To help address the growing need for health and social care among older people in an ageing population, the EU has implemented policies focused on ‘active ageing’. These aim to improve older people’s health, ensure that health and social care systems are sustainable, and contribute to the competitiveness of EU industry (European Commission, 2018). The Green Paper on Ageing calls for reforms and investments in long-term services, as well as renewed efforts to reduce gender gaps in employment, pay and pensions to prevent old-age poverty and social exclusion, especially among women (European Commission, 2021g).

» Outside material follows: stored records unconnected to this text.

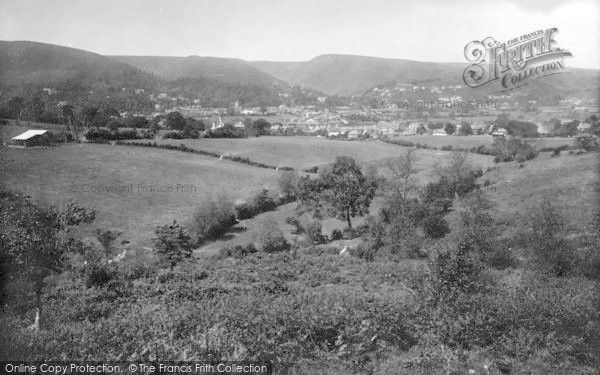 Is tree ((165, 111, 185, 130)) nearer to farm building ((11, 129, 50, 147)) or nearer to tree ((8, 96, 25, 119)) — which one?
tree ((8, 96, 25, 119))

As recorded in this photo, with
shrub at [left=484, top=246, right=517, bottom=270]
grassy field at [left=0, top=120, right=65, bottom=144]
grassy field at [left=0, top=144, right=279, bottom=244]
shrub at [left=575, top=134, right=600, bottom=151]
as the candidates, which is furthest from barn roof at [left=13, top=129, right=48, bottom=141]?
shrub at [left=575, top=134, right=600, bottom=151]

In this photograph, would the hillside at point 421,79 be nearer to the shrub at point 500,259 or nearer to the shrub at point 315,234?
the shrub at point 315,234

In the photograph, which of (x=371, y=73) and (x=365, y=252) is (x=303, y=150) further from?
(x=371, y=73)

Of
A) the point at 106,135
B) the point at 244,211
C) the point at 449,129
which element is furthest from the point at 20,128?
the point at 449,129

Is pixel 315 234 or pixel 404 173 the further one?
pixel 404 173

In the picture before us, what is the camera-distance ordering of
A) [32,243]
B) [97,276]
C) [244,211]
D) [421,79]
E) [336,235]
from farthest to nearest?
[421,79]
[244,211]
[336,235]
[97,276]
[32,243]

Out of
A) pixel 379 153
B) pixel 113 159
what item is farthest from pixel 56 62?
pixel 379 153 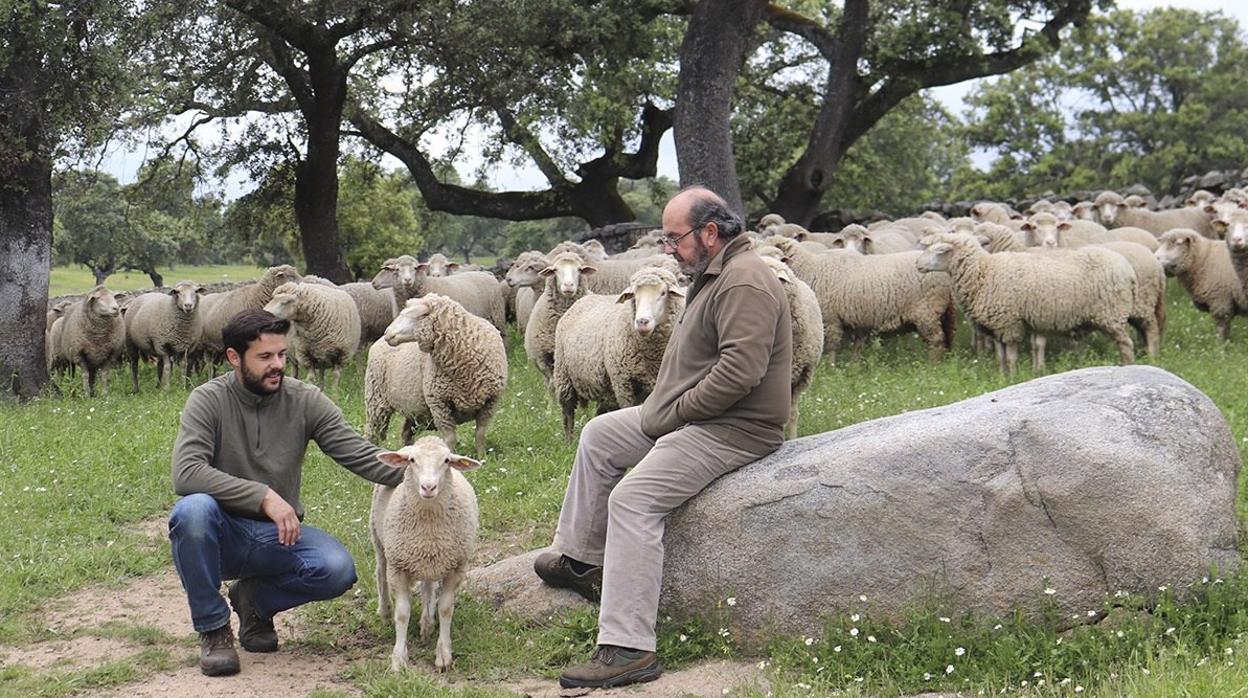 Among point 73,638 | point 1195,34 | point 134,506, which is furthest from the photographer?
point 1195,34

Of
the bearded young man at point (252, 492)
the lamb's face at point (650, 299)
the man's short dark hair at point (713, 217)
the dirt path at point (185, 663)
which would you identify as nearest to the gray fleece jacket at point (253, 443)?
the bearded young man at point (252, 492)

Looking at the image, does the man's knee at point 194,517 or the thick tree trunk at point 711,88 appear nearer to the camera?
the man's knee at point 194,517

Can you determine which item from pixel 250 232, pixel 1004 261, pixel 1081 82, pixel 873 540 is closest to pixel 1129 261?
pixel 1004 261

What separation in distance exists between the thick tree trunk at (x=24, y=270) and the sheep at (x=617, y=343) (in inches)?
311

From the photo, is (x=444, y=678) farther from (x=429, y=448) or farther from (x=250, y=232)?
(x=250, y=232)

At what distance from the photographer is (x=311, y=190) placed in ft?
73.6

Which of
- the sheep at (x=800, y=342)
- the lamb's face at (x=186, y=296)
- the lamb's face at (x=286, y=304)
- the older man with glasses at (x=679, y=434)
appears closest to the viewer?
the older man with glasses at (x=679, y=434)

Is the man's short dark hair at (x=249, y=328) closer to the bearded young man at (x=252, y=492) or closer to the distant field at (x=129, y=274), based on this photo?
the bearded young man at (x=252, y=492)

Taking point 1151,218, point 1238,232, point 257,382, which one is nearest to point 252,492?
point 257,382

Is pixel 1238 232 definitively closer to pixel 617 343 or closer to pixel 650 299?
pixel 617 343

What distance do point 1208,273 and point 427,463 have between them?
11.7 metres

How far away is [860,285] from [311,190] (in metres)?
12.4

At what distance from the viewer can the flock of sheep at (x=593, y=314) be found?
6117 mm

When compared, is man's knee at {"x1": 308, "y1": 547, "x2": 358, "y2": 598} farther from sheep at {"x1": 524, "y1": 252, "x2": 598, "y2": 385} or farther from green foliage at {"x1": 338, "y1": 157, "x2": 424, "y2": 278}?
green foliage at {"x1": 338, "y1": 157, "x2": 424, "y2": 278} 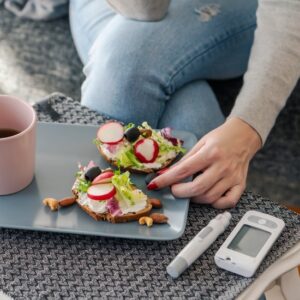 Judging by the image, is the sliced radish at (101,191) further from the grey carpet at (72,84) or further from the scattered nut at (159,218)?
the grey carpet at (72,84)

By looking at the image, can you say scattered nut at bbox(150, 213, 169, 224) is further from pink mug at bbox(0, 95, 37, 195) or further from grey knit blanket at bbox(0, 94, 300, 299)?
pink mug at bbox(0, 95, 37, 195)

Access to mental healthcare has also been an EU priority for many years. The European Framework for Action on Mental Health and Well-being highlights the challenge of meeting the mental health needs of women, while stressing the need for health services to be gender sensitive (EU Joint Action on Mental Health and Wellbeing, 2016). In addition, a European Parliament resolution on promoting gender equality in mental health and clinical research emphasised the gendered aspects of mental health and called for further action by the Commission and Member States. It highlighted the importance of clinical trials reflecting the needs of those who would use the products, and called for the collection of sex-disaggregated data to identify gendered differences in side effects (European Parliament, 2017). The implementation of the Clinical Trials Regulation[1] may help address ongoing inequalities (EIWH, 2018).

Following reverses on women’s rights and gender equality in the EU, a 2019 European Parliament resolution found that regression on key areas, such as SRHR, was common across Member States (European Parliament, 2019).

Yet another European Parliament resolution, in July 2020, on the EU’s public health strategy post COVID-19, acknowledges that access to SRHR services has been affected by the pandemic, and that women, children and LGBTQI people have faced a higher risk of violence and discrimination (European Parliament, 2020). The European Parliament calls on Member States to guarantee learning on the cognitive, emotional, social, interactive and physical aspects of sexuality (sexuality education), ready access to family planning for women, and the full range of SRH services during or outside crises, including modern contraceptive methods and safe and legal abortion.